Derive the weak form for nonlinear problem.

Question

Let the equation be $$\frac{d^2 y}{dx^2}=\frac{y}{1+y}$$ For finite element formulation how to get the weak form? The major problem being the nonlinear rhs.`

Answer 1

Let me rewrite your expression as \begin{align} y_{xx} = \frac{y}{1+y}\Leftrightarrow y_{xx} +yy_{xx} -y = 0 \end{align} Since \begin{align} \Bigl(\frac{y^2}{2}\Bigr)_{xx} = (yy_x)_x = y_x^2+yy_{xx} \Leftrightarrow yy_{xx} = \Bigl(\frac{y^2}{2}\Bigr)_{xx}-y_x^2 \end{align} you can rewrite the first expression as \begin{align} y_{xx} +yy_{xx} -y = 0 \Leftrightarrow y_{xx} +\Bigl(\frac{y^2}{2}\Bigr)_{xx}-y_x^2-y = 0 \end{align} Assume, that $\phi^i$ are our (standard) testfunctions (which vanish on $\partial \Omega$). For the weak formulation we project onto the testspace.
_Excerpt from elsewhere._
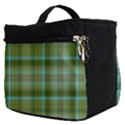 Vintage Green Plaid Make Up Travel Bag (Small) View2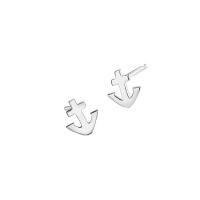 925 Sterling Silver Stud Earrings Anchor platinum plated fashion jewelry & for woman Sold By Pair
Let $\Omega$ be our domain, we then have for all $i$ \begin{align} &\int_{\Omega}\Bigl[ y_{xx} +\Bigl(\frac{y^2}{2}\Bigr)_{xx}-y_x^2-y \Bigr]\phi^i\,dx = 0\\ \Leftrightarrow& -\int_{\Omega}\Bigl[y_x+\frac{y^2}{2}\Bigr]\phi^i_x\, dx -\int_\Omega \Bigl[y^2_x+y \Bigr] \phi^i\,dx=0 \\ \Leftrightarrow & \int_{\Omega}\Bigl[y_x+\frac{y^2}{2}\Bigr]\phi^i_x\, dx +\int_\Omega \Bigl[y^2_x+y \Bigr] \phi^i\,dx=0 \end{align} Now you have only derivatives of order zero and one and can use $y\approx y^N$ as it is always done with FEM.